In June 2009 a coup d’etat overthrew democratically elected Manuel Zelaya. Since the coup, human rights conditions in Honduras have deteriorated. Among those most affected by the post-coup violence are human rights advocates, journalists, women, Black and indigenous populations, and LGBT+ Hondurans.
Immediately following the coup, Hondurans began asking WfP to send delegations to Honduras to document the role of the U.S. in the crisis. We responded, producing a documentary short called Shot in the Back: the Human Impact of the Honduran Coup. Shortly after the coup, Honduras withdrew from ALBA, and attempts have been made to roll back Zelaya’s minimum wage hike, as well as laws proposed to privatize public resources such as rivers for dam projects. The Honduran business elite, which played a key role in instigating and financially maintaining the coup, is intimately tied to U.S. and transnational corporate interests.
The United States considers the Honduran government a reliable ally in the militarized war on drugs, and has engaged in a campaign of militarization that has worsened the human rights crisis in the country. In 2012, DEA agents were present on an operation that killed four civilians, including two pregnant women, in Ahuas, a small community in a remote part of Northern Honduras.

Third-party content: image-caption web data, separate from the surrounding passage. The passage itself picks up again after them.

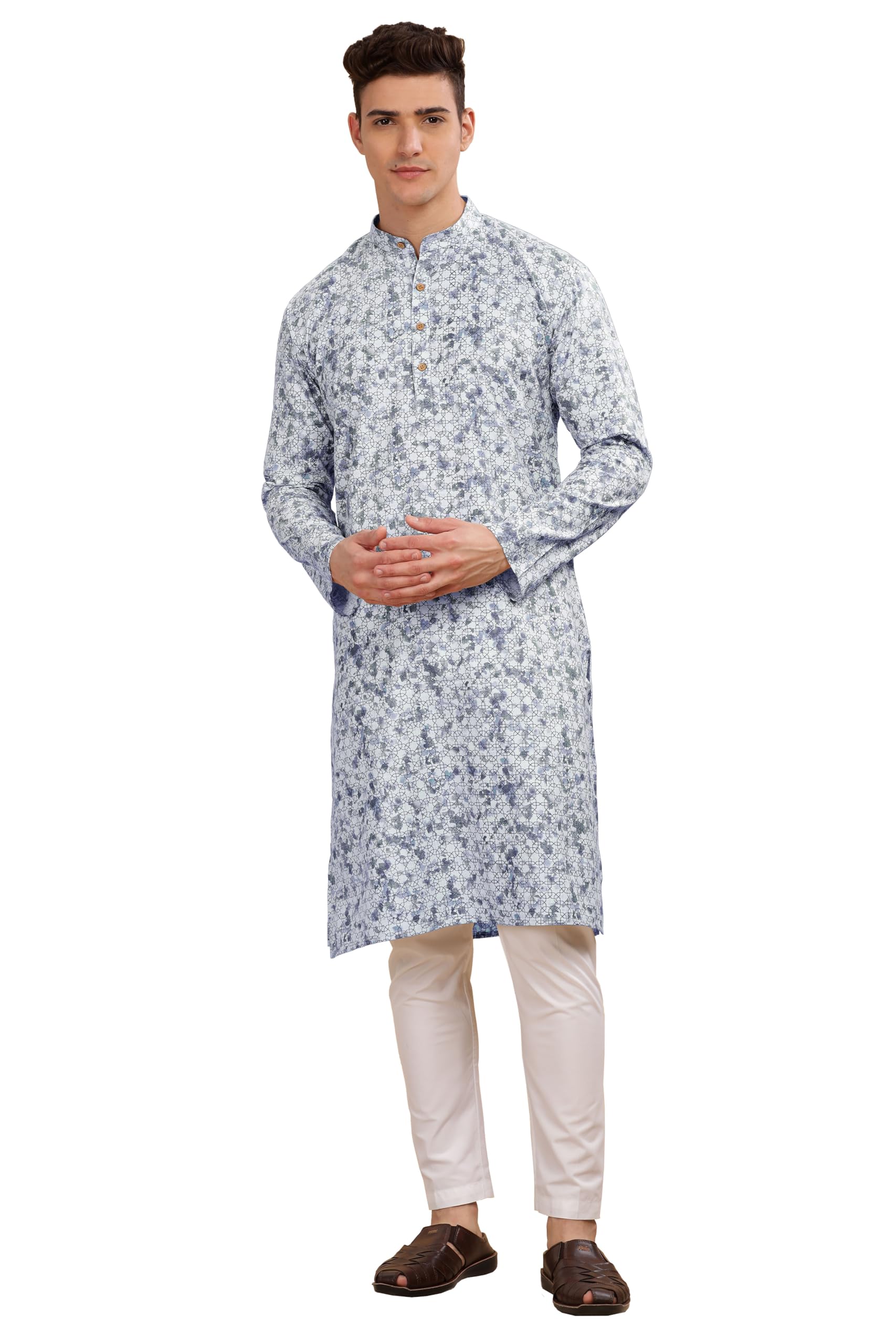 Be Active MenS Cotton Regular Kurta (C-399-1_Blue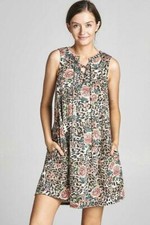 Leopard Floral Lace Up Sleeveless Dress With Pockets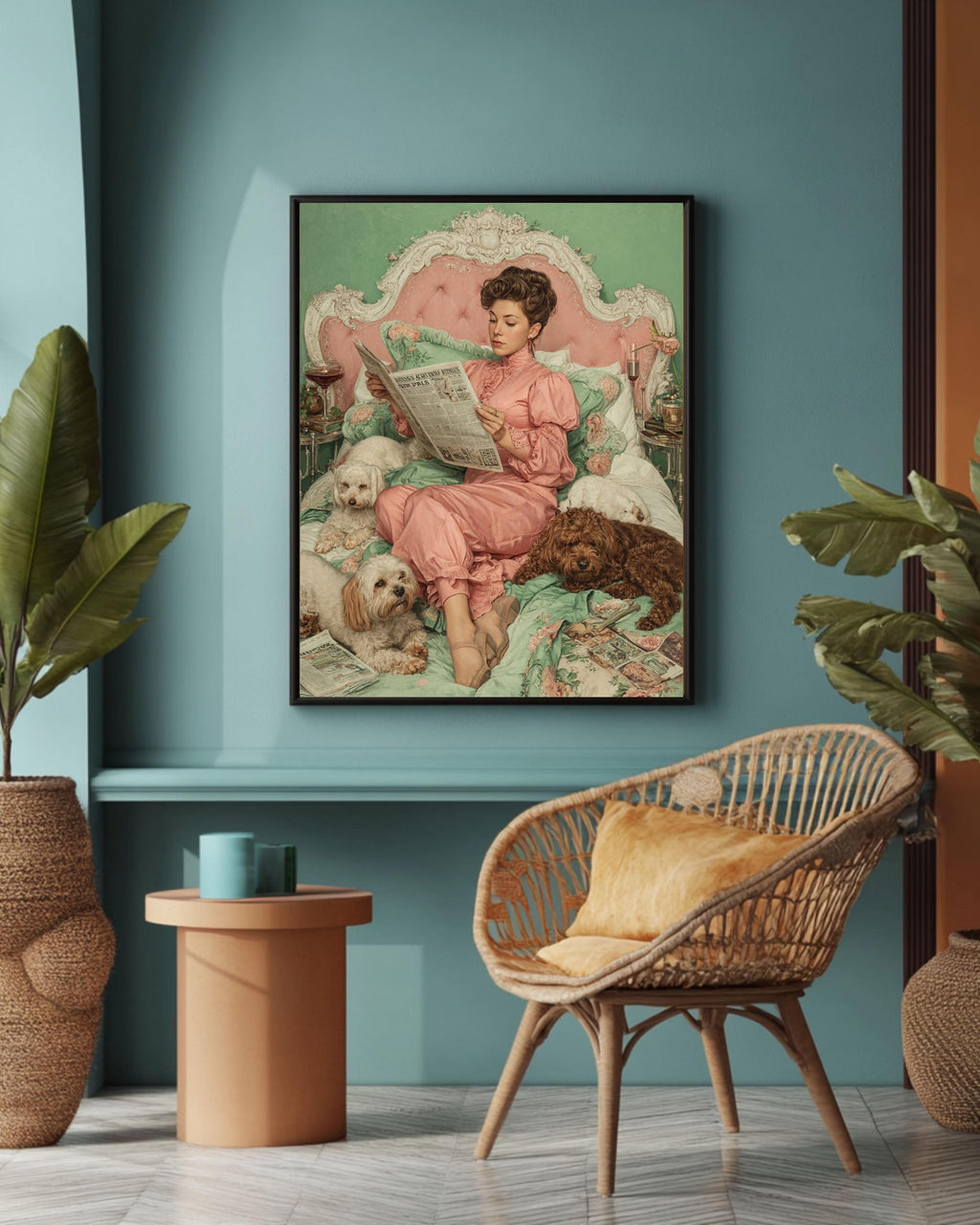 Vintage Lady with Dogs Canvas Print, Victorian Inspired Wall Art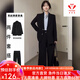梵奧格（FANAOGE）大學(xué)生正裝西裝套裝女裝職業(yè)西服大學(xué)生英倫西裝墊肩韓版西服外套 [二件套]黑色西裝+直筒西褲 【帶墊肩】 3XL 【建議155-170斤】 急件當日發(fā)-聯(lián)系客服可順豐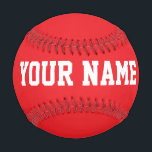 Sport Birthday gift idea custom name text red Baseball<br><div class="desc">Create your unique sport Birthday gift eyecatching red custom name text Baseball adding your own personalized name, year, slogan, message or any text. Customizable cute baseball gift game for boy, boyfriend, dad, grandpa, cheerleaders, teen, teenager, baby boy, players, teammates, fans. Choose your favourite team and use any background colour. No...</div>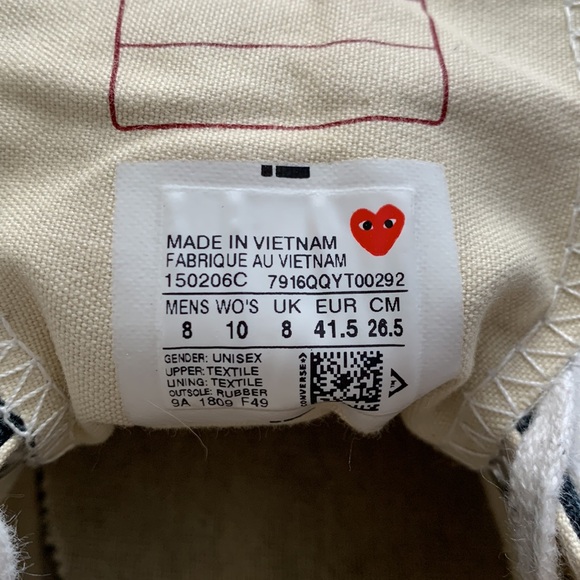 CONVERSE X COMME DES GARÇON PLAY Chuck Taylor '70 Sneakers - Picture 8 of 11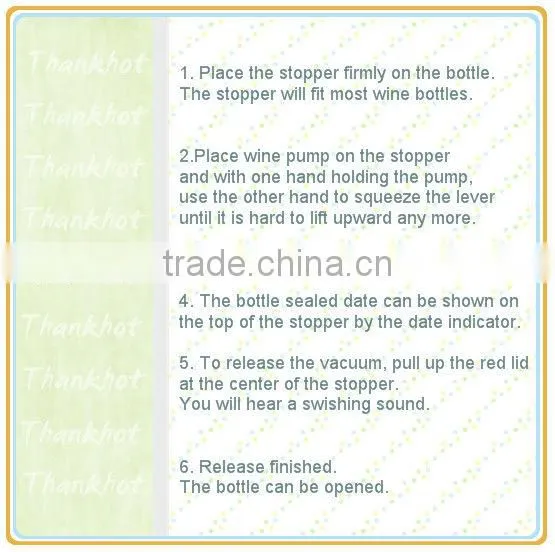 Vacuum wine bottle stopper with pump with gift box for promotion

Since the coup, privatization of public lands, the construction of mega-projects on indigenous and campesino land, targeted political repression, and violence have gotten worse. Human rights defenders, environmental activists, and others have been targeted by state repression and violence, with the emblematic case being the March 2016 assassination of Berta Cáceres.
In November of 2017, Honduran president Juan Orlando Hernández was reelected under deep suspicions of electoral fraud, and in contradiction to the Honduran constitution’s prohibition against multiple terms for presidents. Hundreds of thousands of Hondurans took to the streets to defend their vote and their democracy, and they were met with widespread and systematic human rights abuses, including extrajudicial killings, torture, forced disappearance, kidnapping, and arbitrary detention. The scale of these abuses, committed by Honduran security forces that receive U.S. training and funding, amounts to crimes against humanity.
Despite the pattern of grave human rights violations and widespread impunity, the U.S. continues to support Honduras both diplomatically and through military aid.